───── MATERIAL PROVIDED ─────

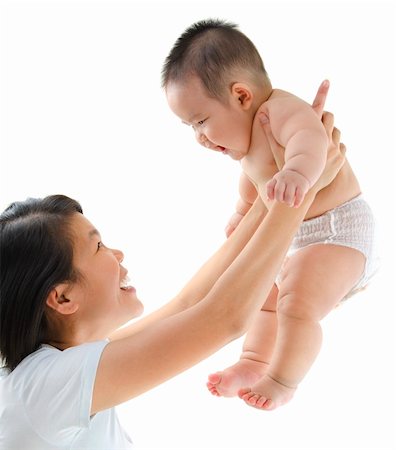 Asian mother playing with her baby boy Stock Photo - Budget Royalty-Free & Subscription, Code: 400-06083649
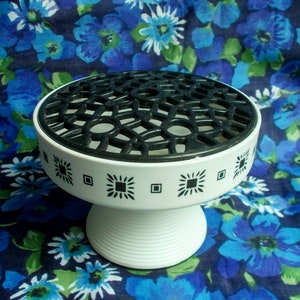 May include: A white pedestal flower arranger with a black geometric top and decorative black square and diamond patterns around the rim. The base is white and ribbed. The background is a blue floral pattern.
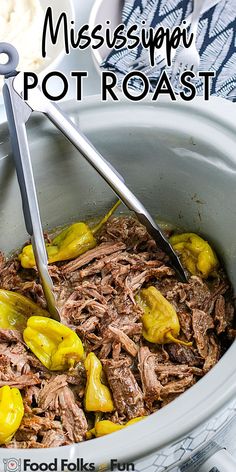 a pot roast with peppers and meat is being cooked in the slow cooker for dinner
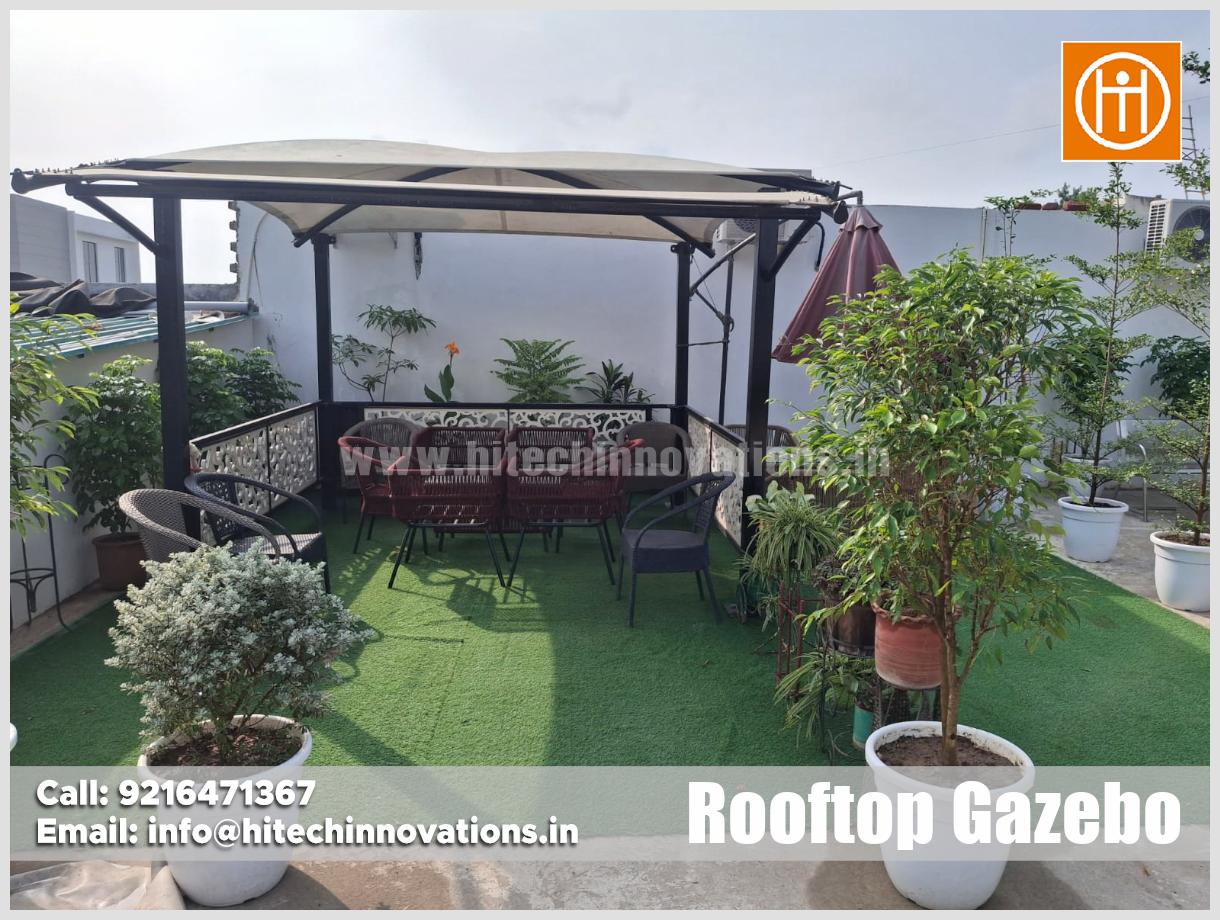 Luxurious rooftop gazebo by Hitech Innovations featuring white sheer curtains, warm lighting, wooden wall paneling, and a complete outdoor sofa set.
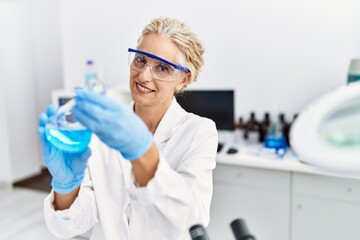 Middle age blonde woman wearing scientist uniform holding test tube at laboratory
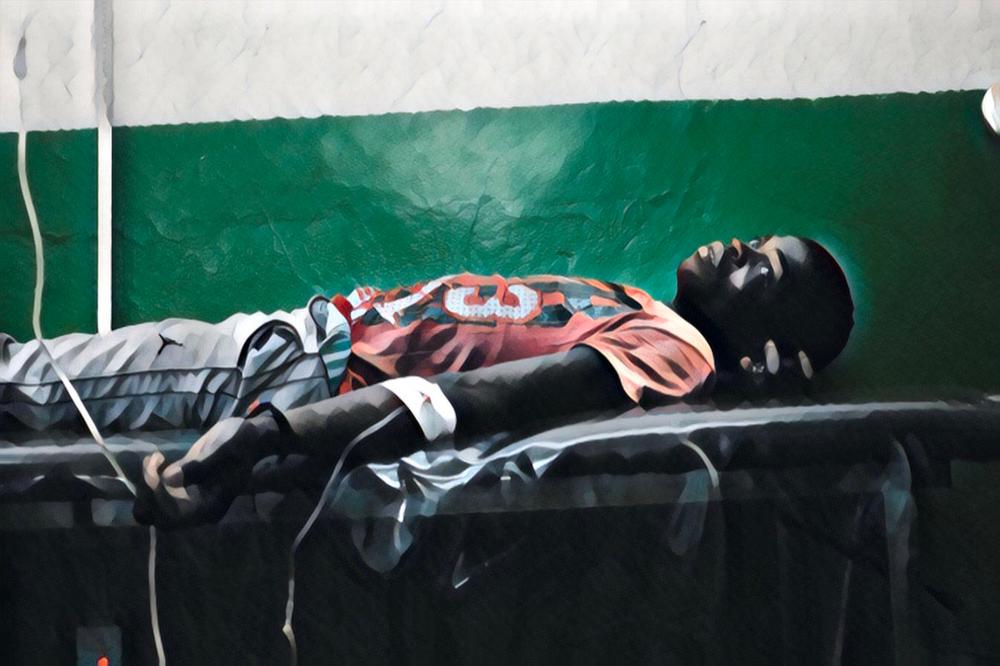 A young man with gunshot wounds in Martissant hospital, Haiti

─────

What you return must match the lines from the top of the data through the line with "May include: A" exactly, with the pictures removed.

■ PROBLEM SOLUTION ■
 Asian mother playing with her baby boy Stock Photo - Budget Royalty-Free & Subscription, Code: 400-06083649
 May include: A white pedestal flower arranger with a black geometric top and decorative black square and diamond patterns around the rim. The base is white and ribbed. The background is a blue floral pattern.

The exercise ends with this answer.